Something I hadn't considered:
Well, I had considered it, in the sense that I know what I want for my bouquet, and I have actually even practiced making it (well, not with the flowers I want, but with some other flowers that Will brought home one day, chosen by his lovely daughter.)
But I hadn't considered it, in the sense that I will be walking down the aisle accompanied by my two lovely sons.
Lots of books and articles counsel against this. They say that the symbolism of being "given away" by your children is bound to lead them to feel like you're abandoning them, or choosing your new spouse over them. And I think that could be true if I were doing something like the traditional father-daughter dealio, where they walk me down the aisle, then give me a hug and Will a handshake and go sit down. That would actually be pretty horrifying.
Instead, Will's kids will be with him, and mine are going to walk with me, and then all six of us will stay together for the ceremony. The symbolism has nothing to do with giving me away, and everything to do with the fact that even though Will and I are the ones getting married, the boyz and I are a package deal.
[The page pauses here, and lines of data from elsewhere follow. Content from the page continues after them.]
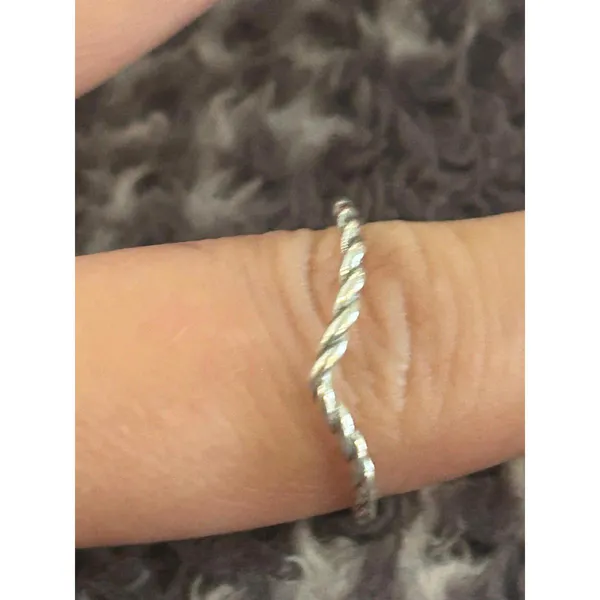 Z55 ring 8.75 925 sterling silver - Image 3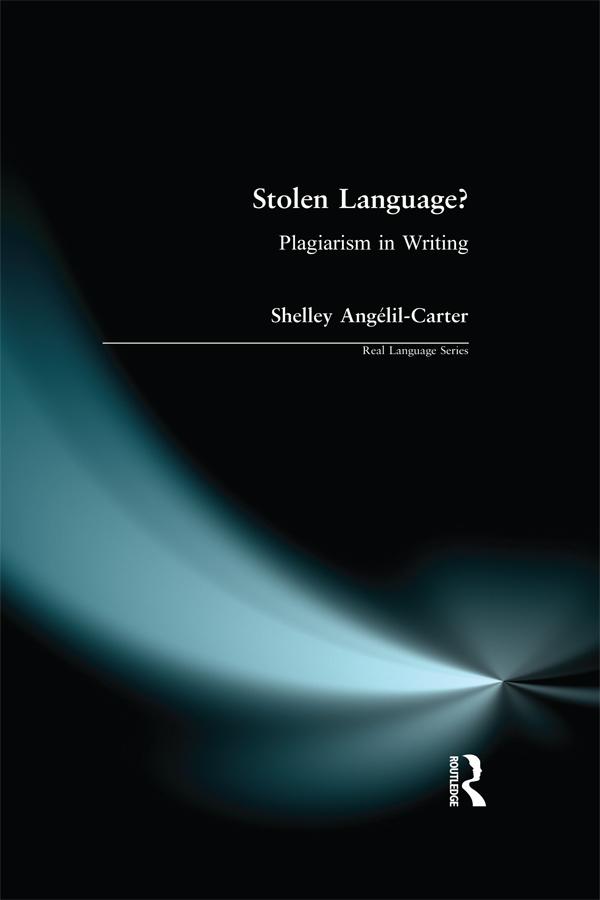 Stolen Language?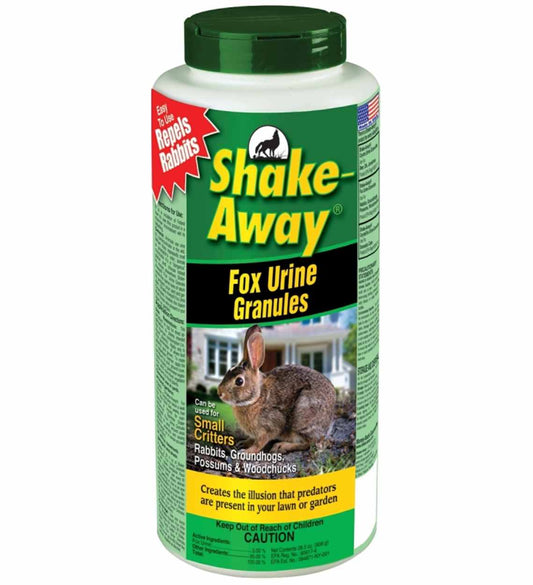 Shake-Away Fox Urine Critter Repellent Granules 28oz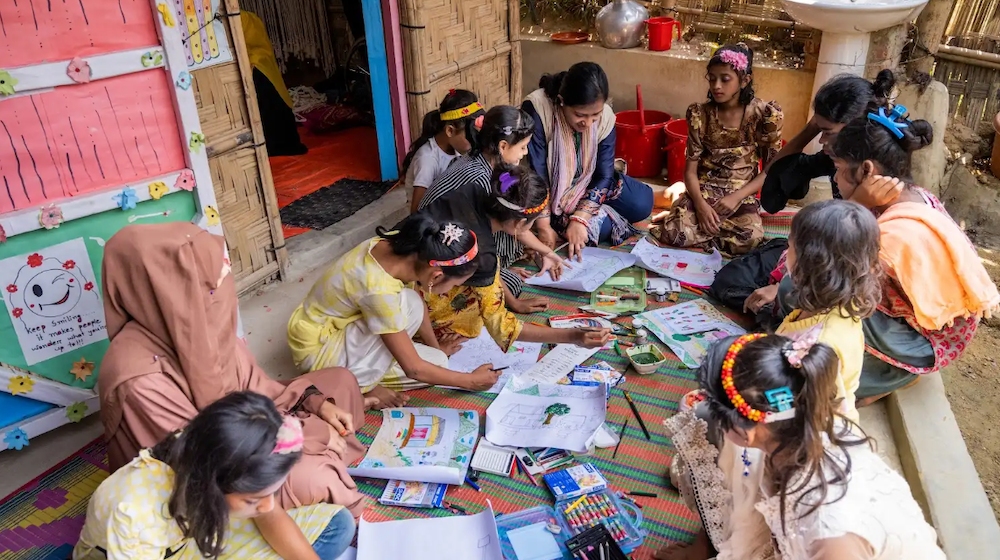 The Government of Bangladesh, UNFPA and the World Bank sign agreements totaling $37 million for women’s programmes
However, that brings us back to the bouquet. If I'm holding hands with two kids, I won't really be able to hold a bouquet. We could walk arm in arm, which would leave my hands free, but I'm not sure I want to do that; it seems a little cheesy and not really like something we would do in real life. It would sure be cheaper not to have a bouquet, but it's one of those wedding things that I've always pictured a certain way, so I'm not sure I'm ready to give it up.